• _WORK TO BE COMPLETED_: Give the lines again exactly as they appear below, from the line with "lot 115 image: (5) Bar Clamps, 3-5..." to the line with "New lavida căn", both included, and only those lines. Leave every picture out.

(Beginning of WORKING DATA)

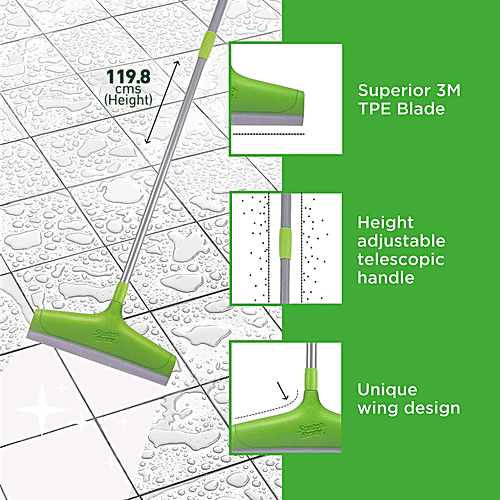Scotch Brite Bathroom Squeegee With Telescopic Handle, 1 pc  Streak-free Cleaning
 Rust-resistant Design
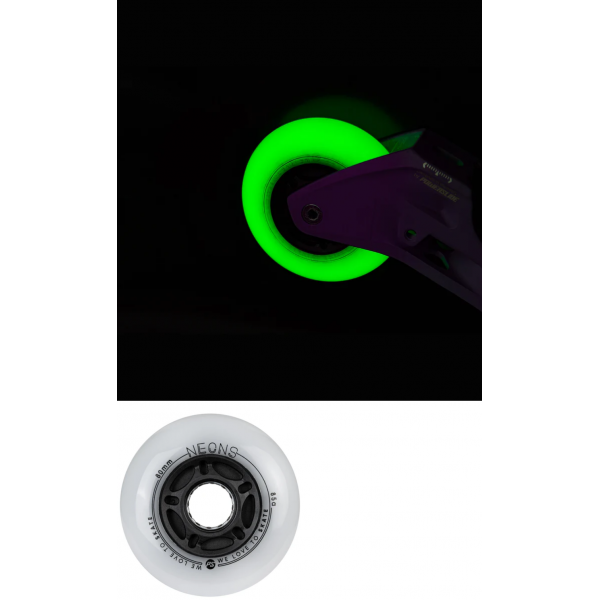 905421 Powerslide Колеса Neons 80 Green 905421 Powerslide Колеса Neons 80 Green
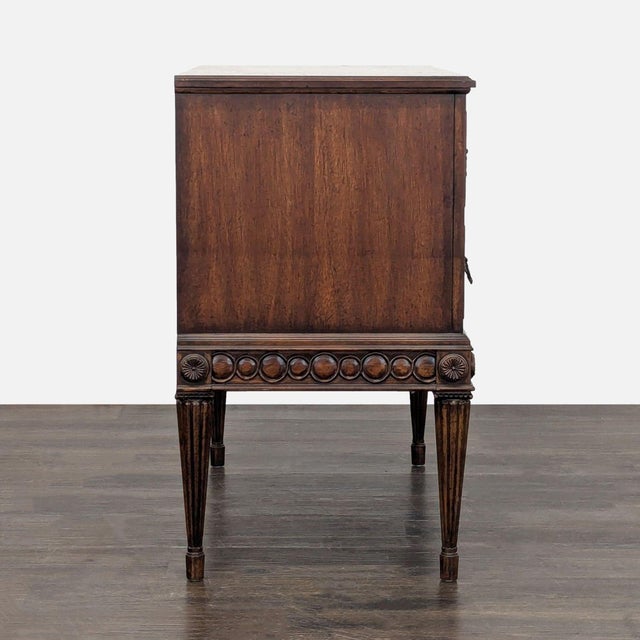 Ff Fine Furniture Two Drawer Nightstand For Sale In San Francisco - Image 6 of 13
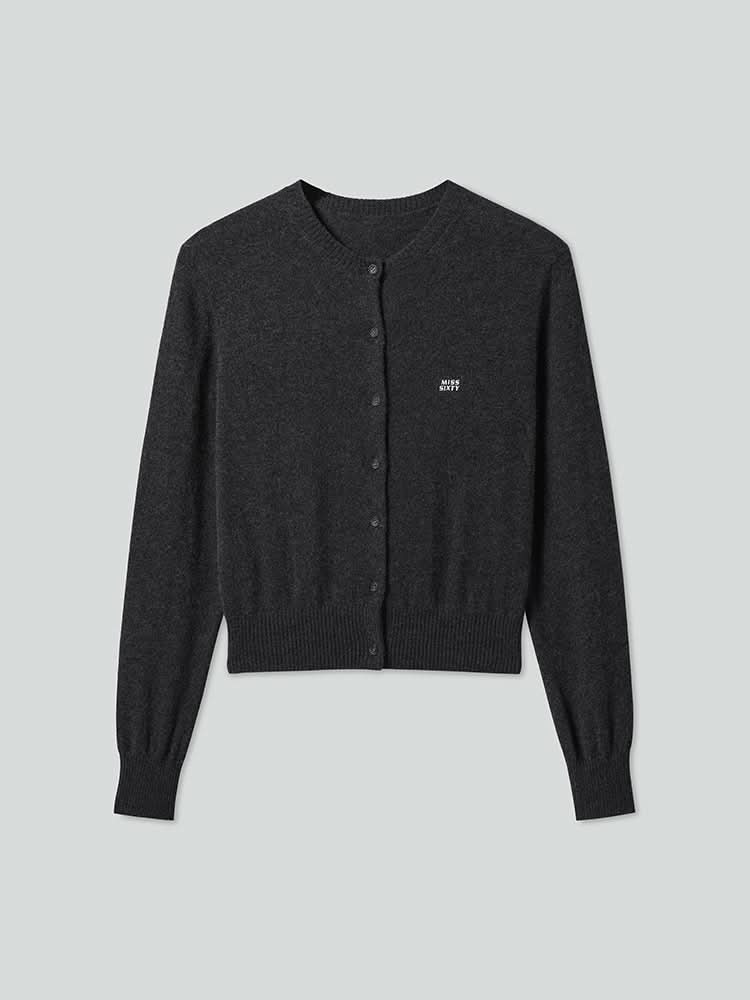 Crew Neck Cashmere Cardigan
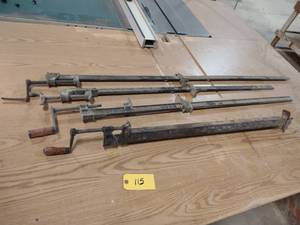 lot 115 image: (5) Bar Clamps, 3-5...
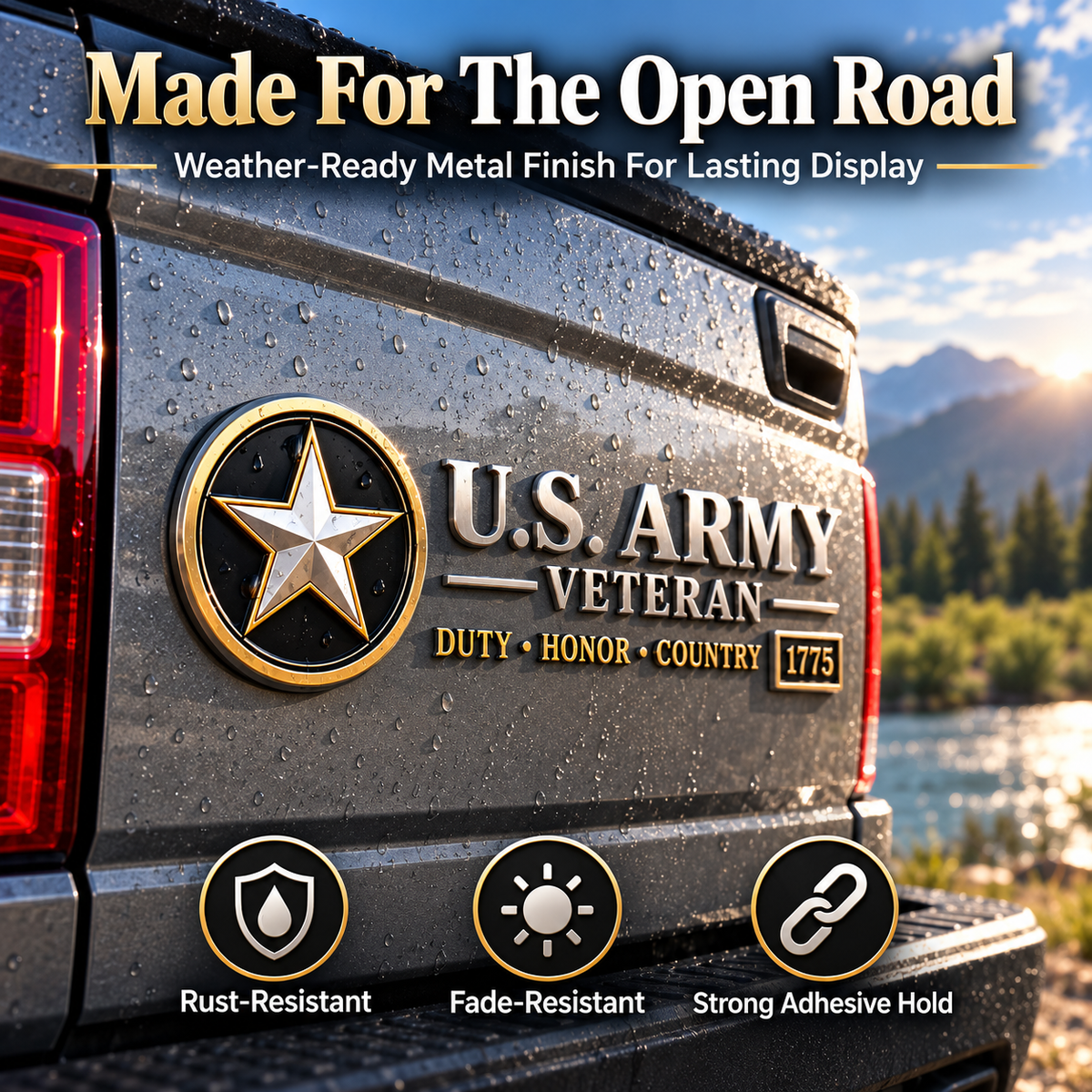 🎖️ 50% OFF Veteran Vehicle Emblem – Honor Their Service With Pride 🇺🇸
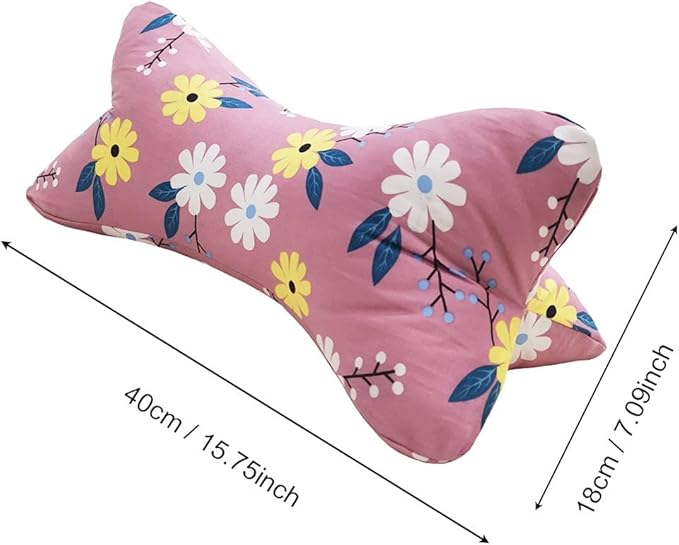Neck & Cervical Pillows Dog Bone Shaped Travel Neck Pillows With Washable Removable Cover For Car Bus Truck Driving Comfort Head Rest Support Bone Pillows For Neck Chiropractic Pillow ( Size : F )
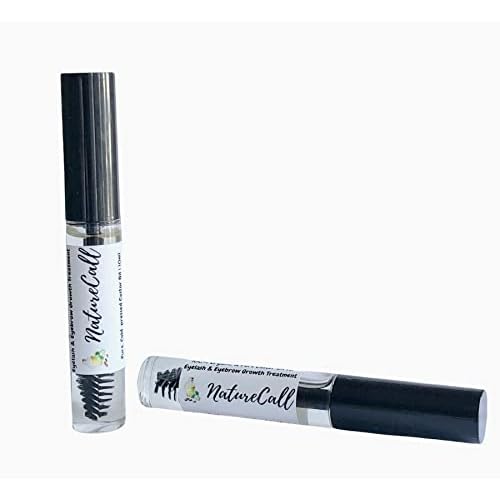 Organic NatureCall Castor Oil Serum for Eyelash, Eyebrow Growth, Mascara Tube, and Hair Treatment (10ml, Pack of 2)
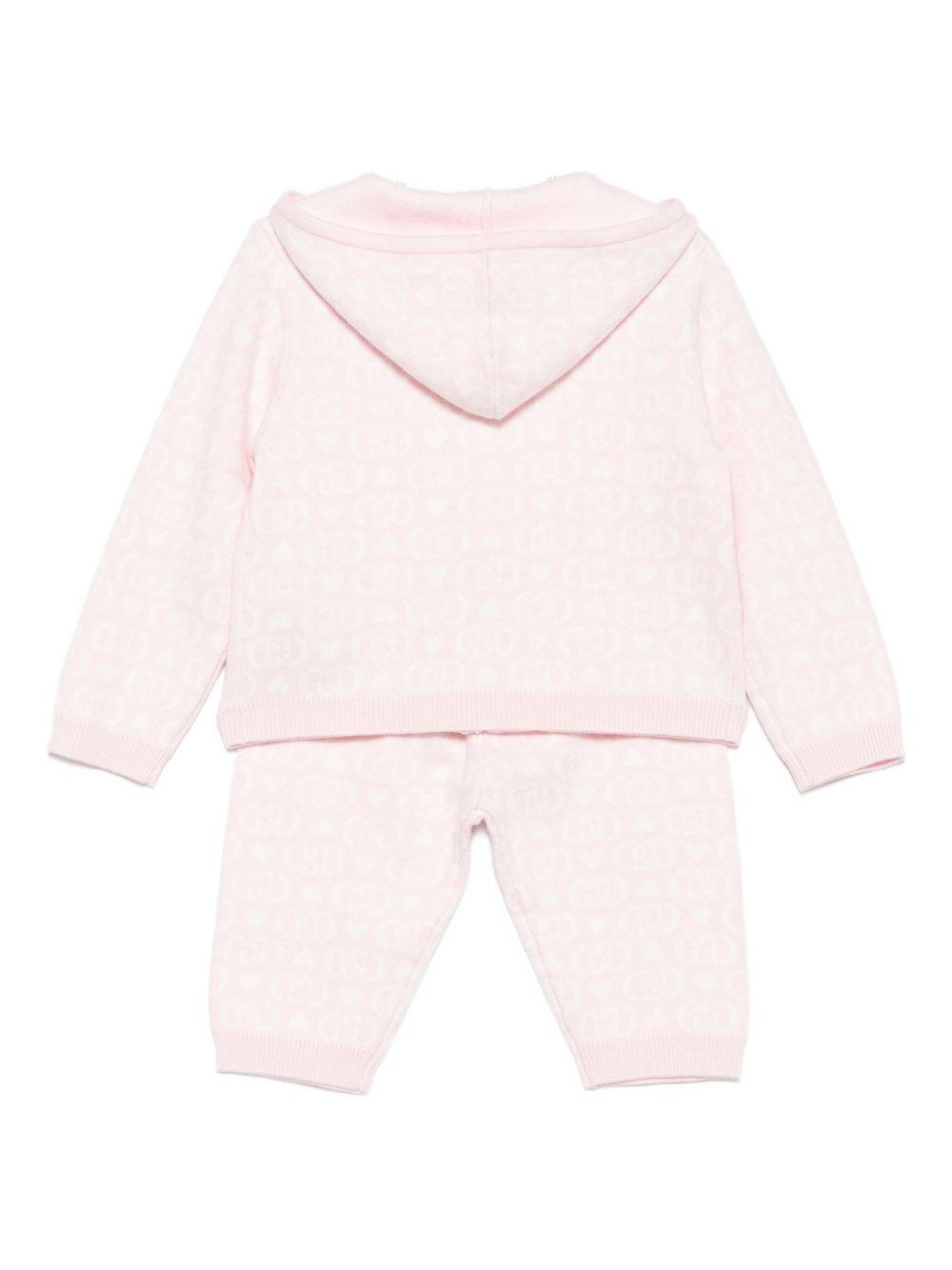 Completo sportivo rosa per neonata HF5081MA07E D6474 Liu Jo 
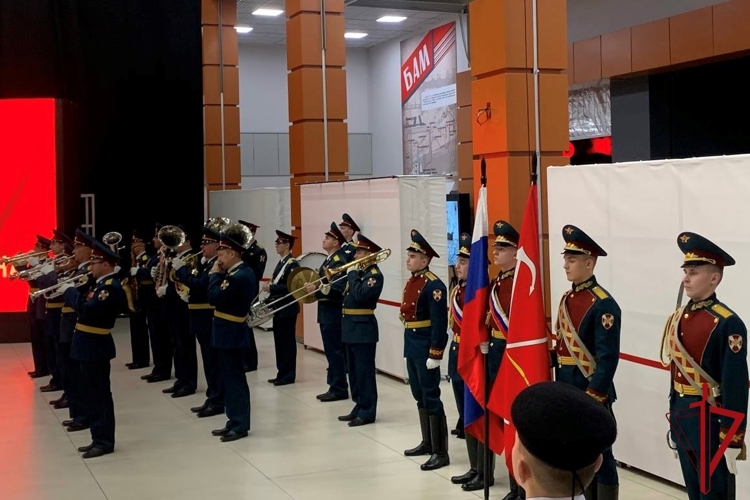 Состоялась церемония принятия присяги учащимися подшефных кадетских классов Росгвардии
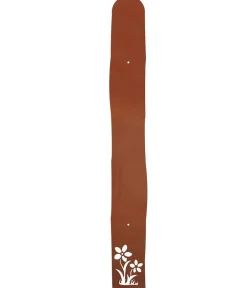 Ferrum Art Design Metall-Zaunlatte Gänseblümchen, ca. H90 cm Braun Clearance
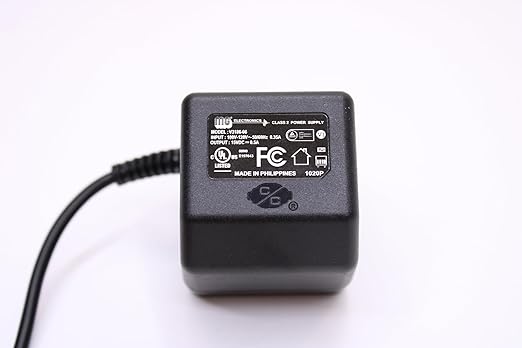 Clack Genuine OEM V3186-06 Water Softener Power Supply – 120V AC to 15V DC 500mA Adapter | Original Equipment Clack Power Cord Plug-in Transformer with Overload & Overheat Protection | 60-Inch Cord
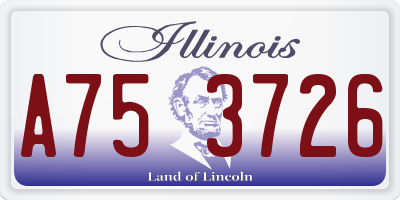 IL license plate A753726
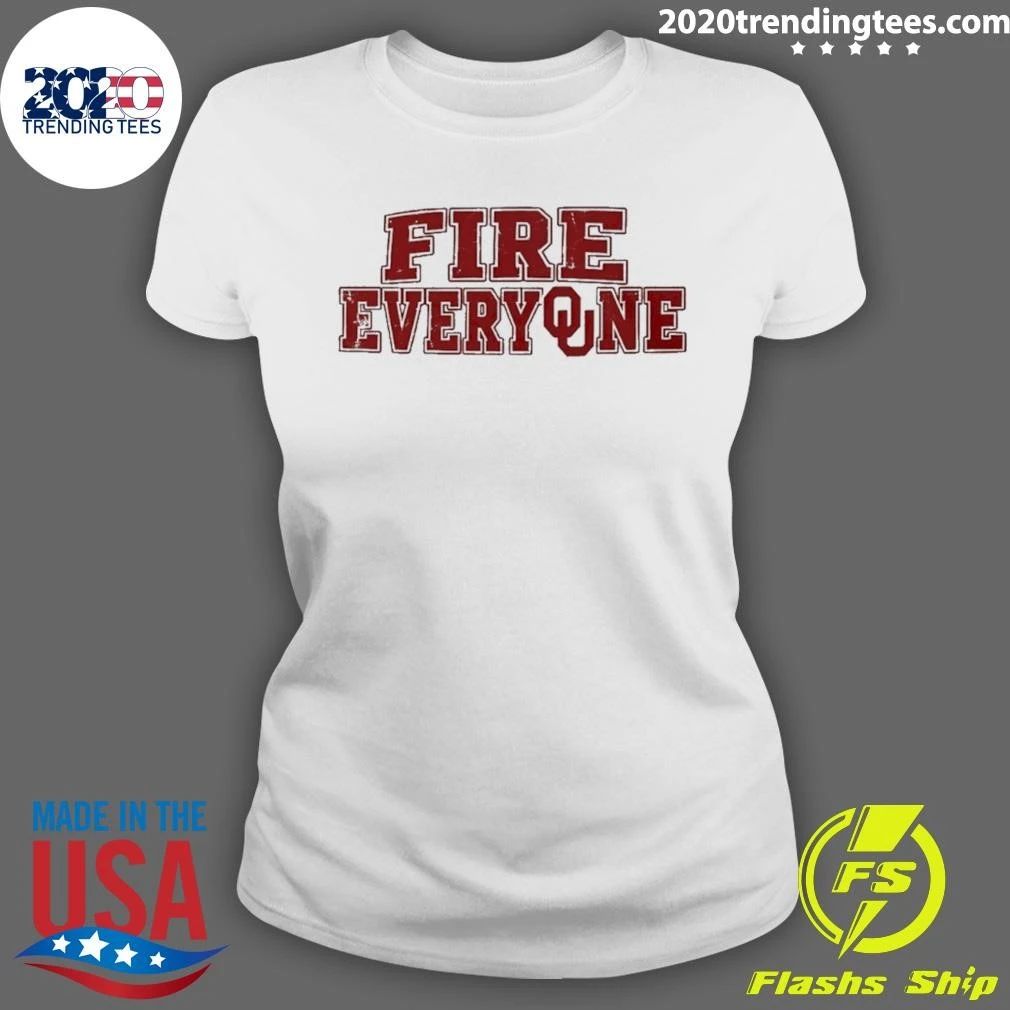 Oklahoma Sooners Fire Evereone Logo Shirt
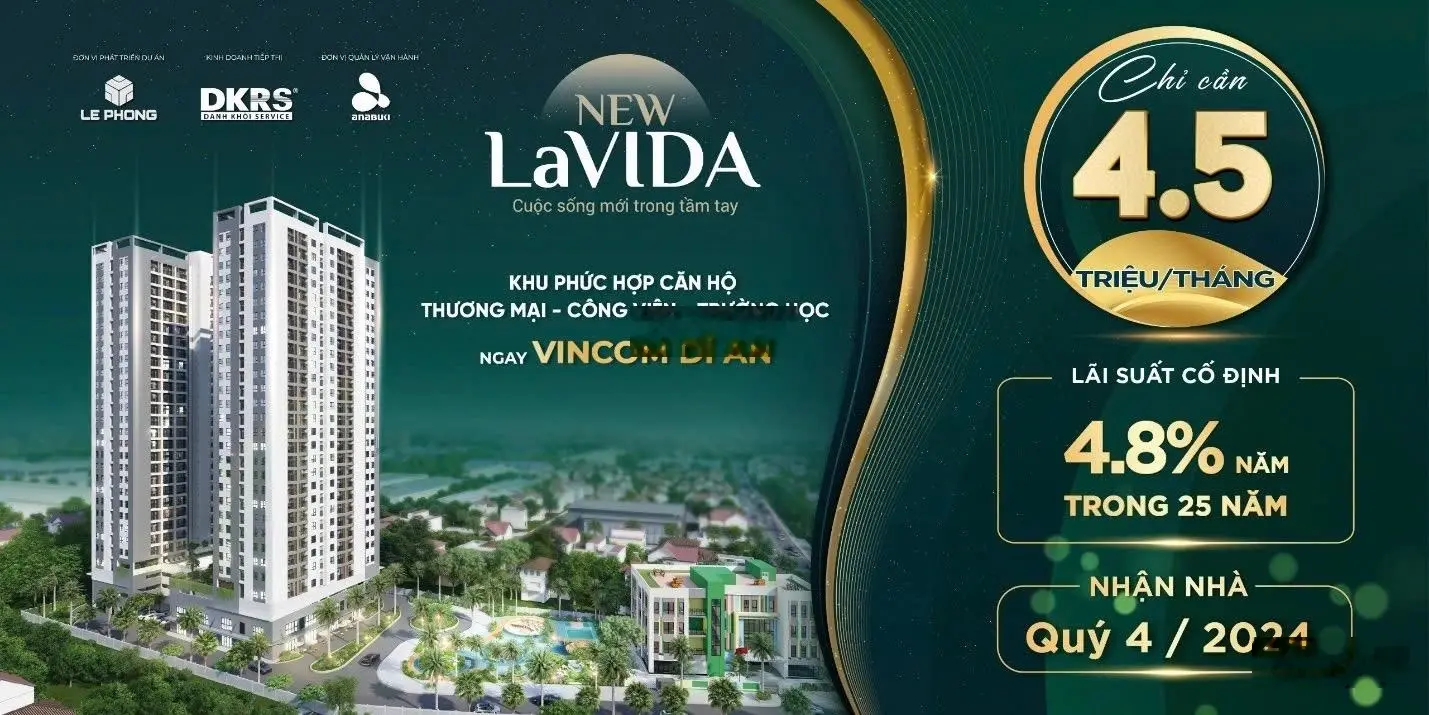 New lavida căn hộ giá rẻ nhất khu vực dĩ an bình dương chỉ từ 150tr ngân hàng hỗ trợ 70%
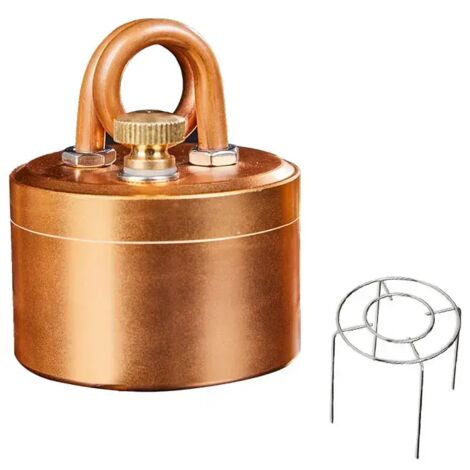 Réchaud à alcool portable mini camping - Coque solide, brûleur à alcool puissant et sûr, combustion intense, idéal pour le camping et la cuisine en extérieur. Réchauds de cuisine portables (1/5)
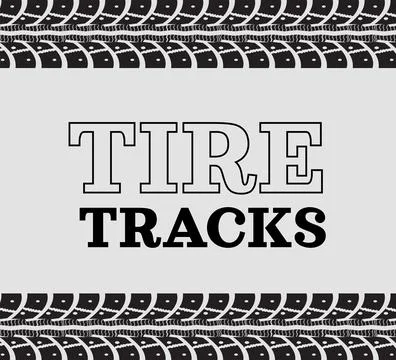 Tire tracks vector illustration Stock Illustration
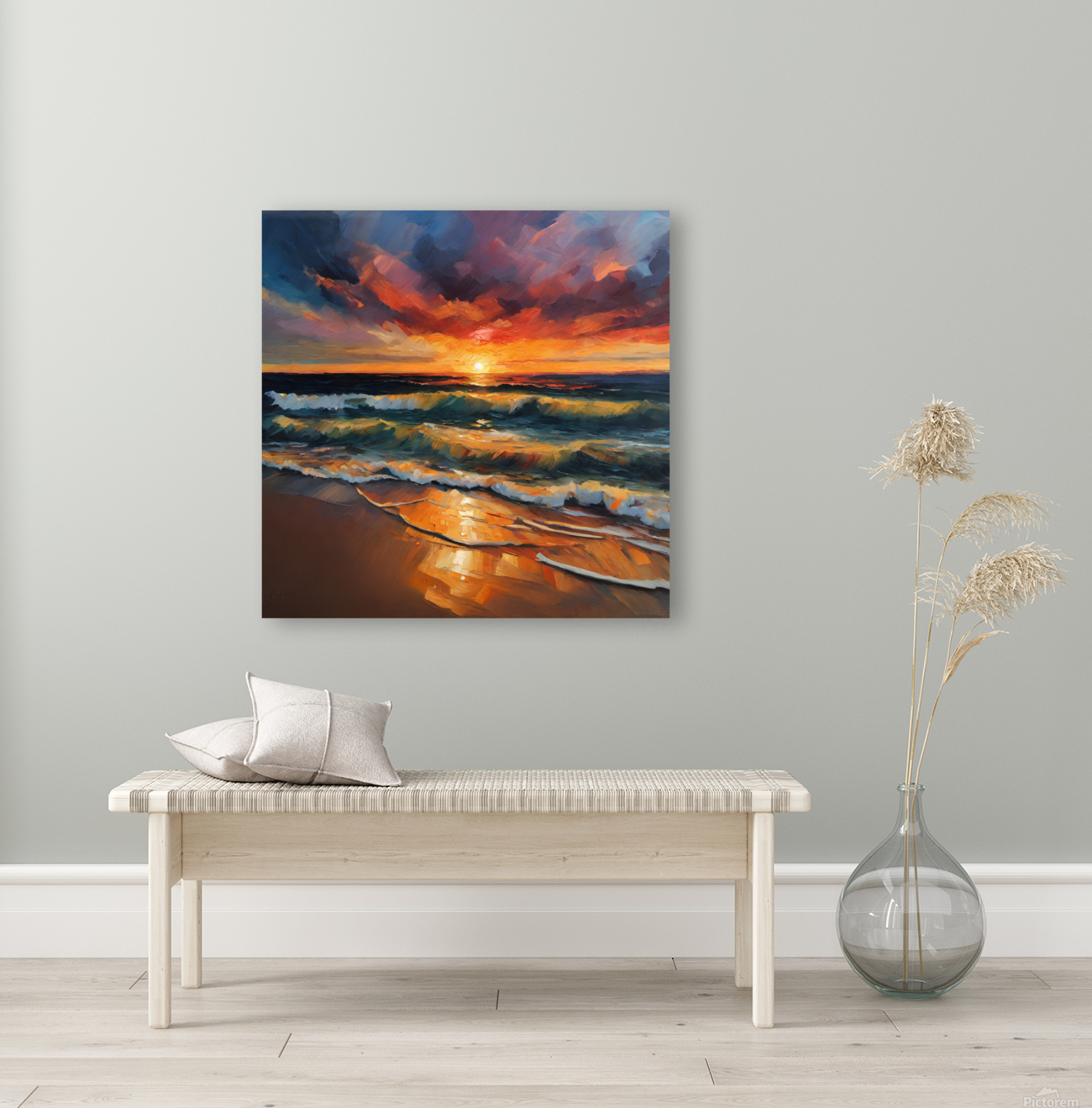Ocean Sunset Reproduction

(End of WORKING DATA)

• _TASK RESULT_:
 lot 115 image: (5) Bar Clamps, 3-5...
 🎖️ 50% OFF Veteran Vehicle Emblem – Honor Their Service With Pride 🇺🇸
Neck & Cervical Pillows Dog Bone Shaped Travel Neck Pillows With Washable Removable Cover For Car Bus Truck Driving Comfort Head Rest Support Bone Pillows For Neck Chiropractic Pillow ( Size : F )
 Organic NatureCall Castor Oil Serum for Eyelash, Eyebrow Growth, Mascara Tube, and Hair Treatment (10ml, Pack of 2)
 Completo sportivo rosa per neonata HF5081MA07E D6474 Liu Jo 
 Состоялась церемония принятия присяги учащимися подшефных кадетских классов Росгвардии
 Ferrum Art Design Metall-Zaunlatte Gänseblümchen, ca. H90 cm Braun Clearance
 Clack Genuine OEM V3186-06 Water Softener Power Supply – 120V AC to 15V DC 500mA Adapter | Original Equipment Clack Power Cord Plug-in Transformer with Overload & Overheat Protection | 60-Inch Cord
 IL license plate A753726
 Oklahoma Sooners Fire Evereone Logo Shirt
 New lavida căn hộ giá rẻ nhất khu vực dĩ an bình dương chỉ từ 150tr ngân hàng hỗ trợ 70%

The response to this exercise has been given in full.